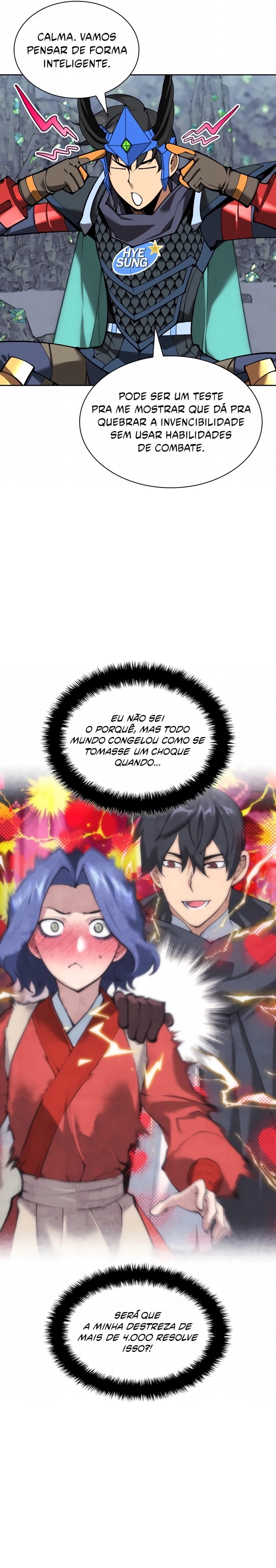 As Aventuras de Greed Capítulo 329 - página 24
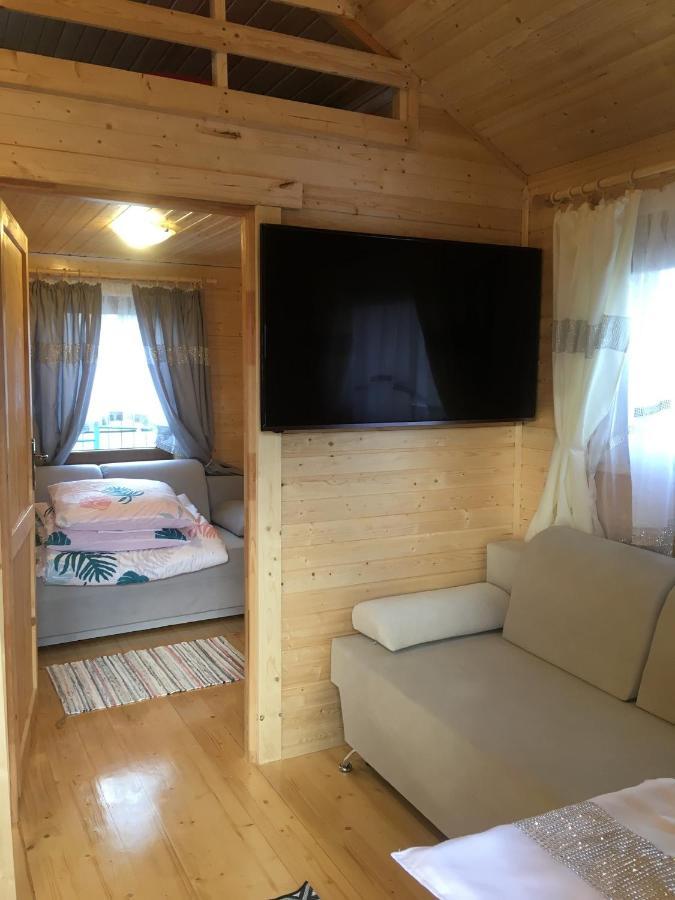 Holiday home Domki Magnolia Rusinowo (Slawno)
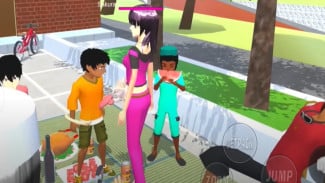 Panduan Lengkap Mengunjungi Rumah Denis Dontol di Sakura School Simulator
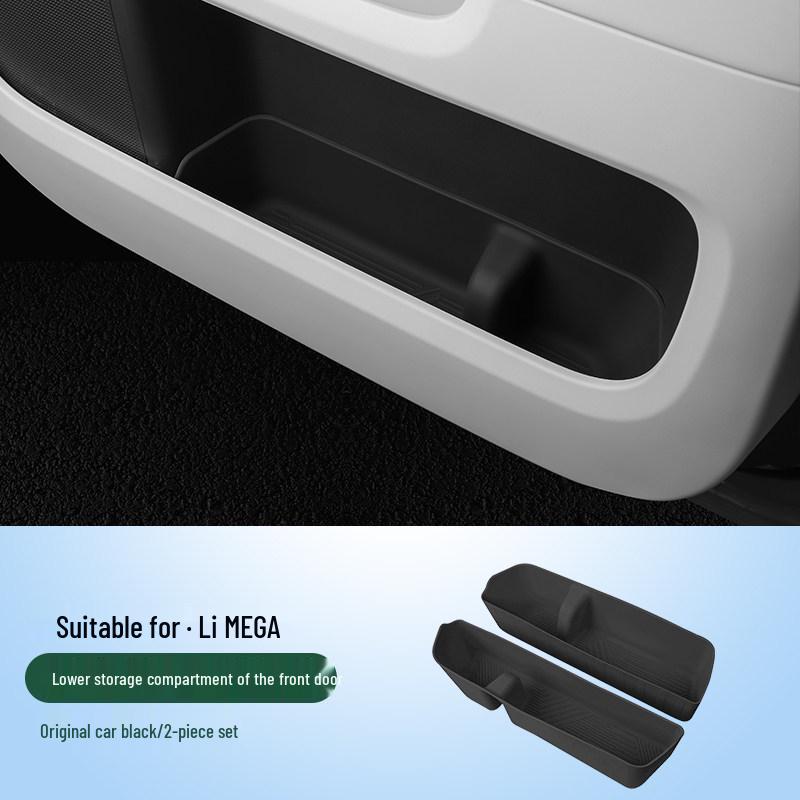 Ideal MEGA Center Console Silicone Phone Holder & Dashboard Storage Box for Car Interior Decoration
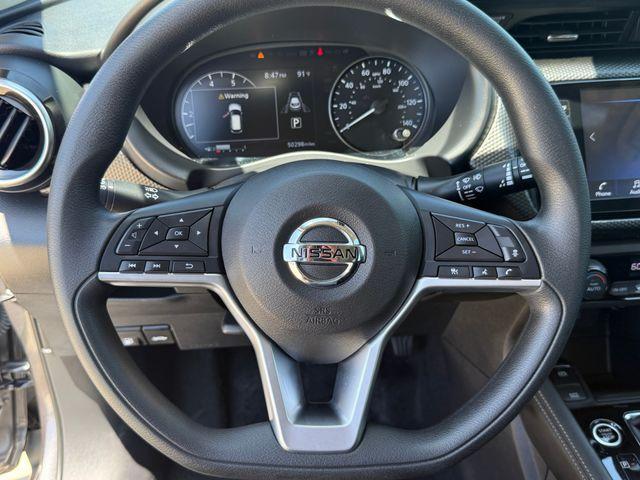 used 2021 Nissan Kicks car, priced at $17,516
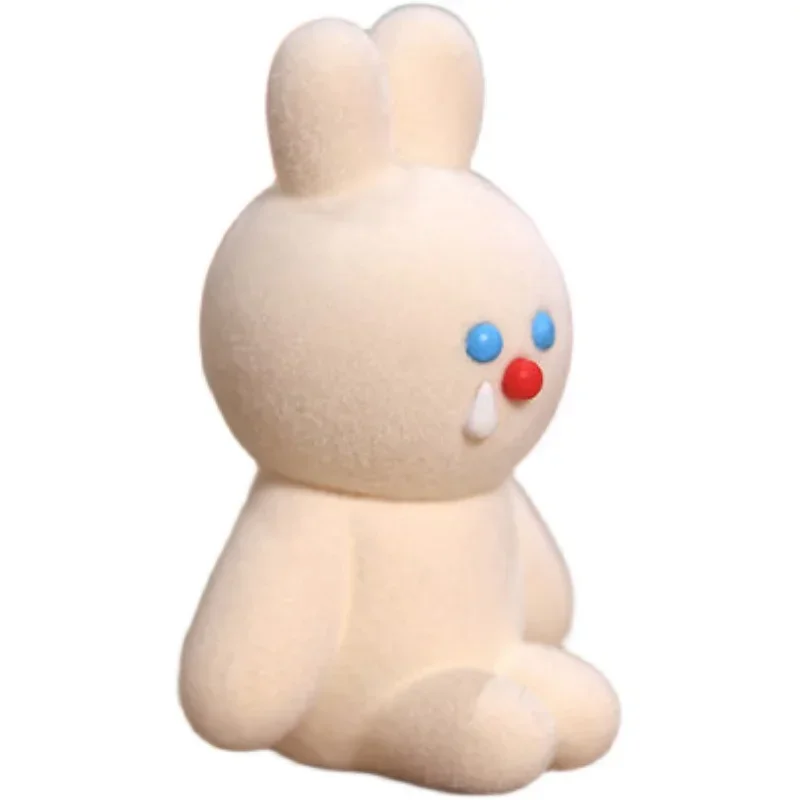 Popmart Crybaby الأزرق بيجامة مصعد سلسلة صندوق أعمى تخمين حقيبة صندوق غامض اللعب دمية لطيف أنيمي الشكل سطح المكتب جمع #4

- _Task directions_:
Where an entry holds a picture, leave the picture out and output the rest exactly.

- _Expected answer_:
 As Aventuras de Greed Capítulo 329 - página 24
 Holiday home Domki Magnolia Rusinowo (Slawno)
 Panduan Lengkap Mengunjungi Rumah Denis Dontol di Sakura School Simulator
 Ideal MEGA Center Console Silicone Phone Holder & Dashboard Storage Box for Car Interior Decoration
 used 2021 Nissan Kicks car, priced at $17,516
 Popmart Crybaby الأزرق بيجامة مصعد سلسلة صندوق أعمى تخمين حقيبة صندوق غامض اللعب دمية لطيف أنيمي الشكل سطح المكتب جمع #4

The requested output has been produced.